--- SOURCE MATERIAL ---
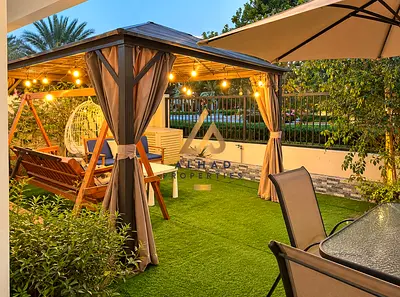 Furnished | Vacant | Garden & Park Views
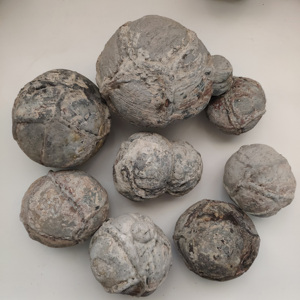 000人付款淘宝云南砚山玛瑙原石,有红花,切面天然的山水画,打灯通透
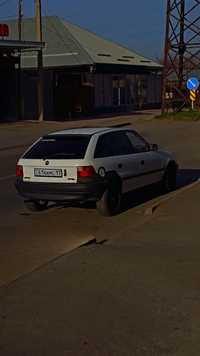 Продам Opel Astra 1.6 1992г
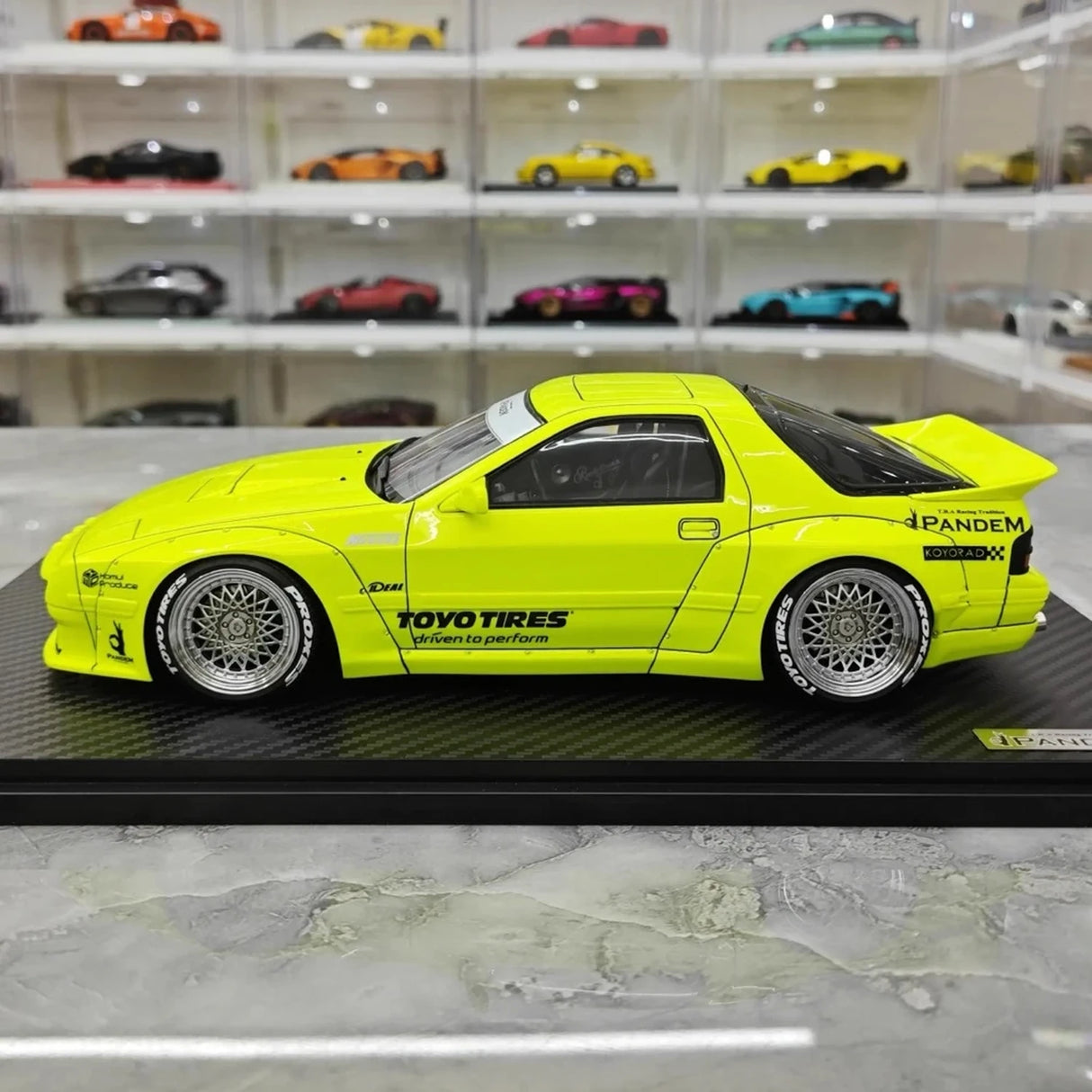 Ignition Mazda 1985 RX-7 FC3S PANDEM Green 1:18 – kolekcjonerska żywica modelowa żywica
---
**WHAT THIS TASK INVOLVES:**
Set down exactly the lines between the one with "000人付款淘宝云南砚山玛瑙原石,有红花,切面天然的山水画,打灯通透" and the last line of the material above, both included, but none of the pictures.

**REPLY TO THE TASK:**
 000人付款淘宝云南砚山玛瑙原石,有红花,切面天然的山水画,打灯通透
 Продам Opel Astra 1.6 1992г
 Ignition Mazda 1985 RX-7 FC3S PANDEM Green 1:18 – kolekcjonerska żywica modelowa żywica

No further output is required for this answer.